[STUDY MATERIAL]:
*-*-*

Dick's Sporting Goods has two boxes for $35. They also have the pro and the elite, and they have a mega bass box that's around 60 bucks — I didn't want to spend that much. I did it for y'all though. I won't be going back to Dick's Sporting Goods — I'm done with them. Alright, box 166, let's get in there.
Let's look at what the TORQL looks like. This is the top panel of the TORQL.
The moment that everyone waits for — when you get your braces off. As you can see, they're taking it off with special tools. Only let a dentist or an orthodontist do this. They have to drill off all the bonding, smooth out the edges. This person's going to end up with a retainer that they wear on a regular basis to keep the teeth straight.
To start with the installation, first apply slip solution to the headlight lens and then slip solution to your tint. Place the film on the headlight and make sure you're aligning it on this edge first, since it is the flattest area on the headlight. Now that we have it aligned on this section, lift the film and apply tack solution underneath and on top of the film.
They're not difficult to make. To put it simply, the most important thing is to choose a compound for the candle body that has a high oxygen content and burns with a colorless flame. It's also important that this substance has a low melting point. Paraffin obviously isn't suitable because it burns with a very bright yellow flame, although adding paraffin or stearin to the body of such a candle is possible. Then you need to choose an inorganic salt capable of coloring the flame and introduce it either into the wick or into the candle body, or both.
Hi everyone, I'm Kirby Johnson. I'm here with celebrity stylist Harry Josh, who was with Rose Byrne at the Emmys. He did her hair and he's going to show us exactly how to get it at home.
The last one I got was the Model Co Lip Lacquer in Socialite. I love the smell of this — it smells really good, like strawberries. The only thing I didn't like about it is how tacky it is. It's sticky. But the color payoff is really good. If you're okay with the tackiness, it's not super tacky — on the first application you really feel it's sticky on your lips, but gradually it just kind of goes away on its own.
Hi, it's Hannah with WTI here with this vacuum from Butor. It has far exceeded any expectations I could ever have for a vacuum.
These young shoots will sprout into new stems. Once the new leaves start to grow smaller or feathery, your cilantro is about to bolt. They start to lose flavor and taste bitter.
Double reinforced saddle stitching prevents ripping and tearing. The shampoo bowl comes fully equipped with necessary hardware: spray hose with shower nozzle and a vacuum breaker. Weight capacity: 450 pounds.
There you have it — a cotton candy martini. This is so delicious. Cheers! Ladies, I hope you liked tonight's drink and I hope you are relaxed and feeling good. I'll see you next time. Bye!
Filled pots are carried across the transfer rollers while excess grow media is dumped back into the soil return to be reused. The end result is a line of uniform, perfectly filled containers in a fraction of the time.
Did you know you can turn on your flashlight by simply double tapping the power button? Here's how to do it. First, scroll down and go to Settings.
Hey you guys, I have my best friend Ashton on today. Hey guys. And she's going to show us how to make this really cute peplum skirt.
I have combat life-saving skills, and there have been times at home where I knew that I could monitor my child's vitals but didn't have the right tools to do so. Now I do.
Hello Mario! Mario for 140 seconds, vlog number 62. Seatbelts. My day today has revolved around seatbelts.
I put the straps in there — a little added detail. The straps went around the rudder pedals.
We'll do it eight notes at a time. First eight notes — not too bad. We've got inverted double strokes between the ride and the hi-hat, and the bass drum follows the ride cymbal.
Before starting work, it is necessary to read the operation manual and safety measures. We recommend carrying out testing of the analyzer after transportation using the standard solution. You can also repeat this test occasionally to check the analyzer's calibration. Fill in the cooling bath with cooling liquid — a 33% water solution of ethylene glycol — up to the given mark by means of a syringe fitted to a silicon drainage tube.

*-*-*

[WHAT IS EXPECTED]: Word for word, return the entire listing above.

[ANSWER TO THIS EXERCISE]:
Dick's Sporting Goods has two boxes for $35. They also have the pro and the elite, and they have a mega bass box that's around 60 bucks — I didn't want to spend that much. I did it for y'all though. I won't be going back to Dick's Sporting Goods — I'm done with them. Alright, box 166, let's get in there.
Let's look at what the TORQL looks like. This is the top panel of the TORQL.
The moment that everyone waits for — when you get your braces off. As you can see, they're taking it off with special tools. Only let a dentist or an orthodontist do this. They have to drill off all the bonding, smooth out the edges. This person's going to end up with a retainer that they wear on a regular basis to keep the teeth straight.
To start with the installation, first apply slip solution to the headlight lens and then slip solution to your tint. Place the film on the headlight and make sure you're aligning it on this edge first, since it is the flattest area on the headlight. Now that we have it aligned on this section, lift the film and apply tack solution underneath and on top of the film.
They're not difficult to make. To put it simply, the most important thing is to choose a compound for the candle body that has a high oxygen content and burns with a colorless flame. It's also important that this substance has a low melting point. Paraffin obviously isn't suitable because it burns with a very bright yellow flame, although adding paraffin or stearin to the body of such a candle is possible. Then you need to choose an inorganic salt capable of coloring the flame and introduce it either into the wick or into the candle body, or both.
Hi everyone, I'm Kirby Johnson. I'm here with celebrity stylist Harry Josh, who was with Rose Byrne at the Emmys. He did her hair and he's going to show us exactly how to get it at home.
The last one I got was the Model Co Lip Lacquer in Socialite. I love the smell of this — it smells really good, like strawberries. The only thing I didn't like about it is how tacky it is. It's sticky. But the color payoff is really good. If you're okay with the tackiness, it's not super tacky — on the first application you really feel it's sticky on your lips, but gradually it just kind of goes away on its own.
Hi, it's Hannah with WTI here with this vacuum from Butor. It has far exceeded any expectations I could ever have for a vacuum.
These young shoots will sprout into new stems. Once the new leaves start to grow smaller or feathery, your cilantro is about to bolt. They start to lose flavor and taste bitter.
Double reinforced saddle stitching prevents ripping and tearing. The shampoo bowl comes fully equipped with necessary hardware: spray hose with shower nozzle and a vacuum breaker. Weight capacity: 450 pounds.
There you have it — a cotton candy martini. This is so delicious. Cheers! Ladies, I hope you liked tonight's drink and I hope you are relaxed and feeling good. I'll see you next time. Bye!
Filled pots are carried across the transfer rollers while excess grow media is dumped back into the soil return to be reused. The end result is a line of uniform, perfectly filled containers in a fraction of the time.
Did you know you can turn on your flashlight by simply double tapping the power button? Here's how to do it. First, scroll down and go to Settings.
Hey you guys, I have my best friend Ashton on today. Hey guys. And she's going to show us how to make this really cute peplum skirt.
I have combat life-saving skills, and there have been times at home where I knew that I could monitor my child's vitals but didn't have the right tools to do so. Now I do.
Hello Mario! Mario for 140 seconds, vlog number 62. Seatbelts. My day today has revolved around seatbelts.
I put the straps in there — a little added detail. The straps went around the rudder pedals.
We'll do it eight notes at a time. First eight notes — not too bad. We've got inverted double strokes between the ride and the hi-hat, and the bass drum follows the ride cymbal.
Before starting work, it is necessary to read the operation manual and safety measures. We recommend carrying out testing of the analyzer after transportation using the standard solution. You can also repeat this test occasionally to check the analyzer's calibration. Fill in the cooling bath with cooling liquid — a 33% water solution of ethylene glycol — up to the given mark by means of a syringe fitted to a silicon drainage tube.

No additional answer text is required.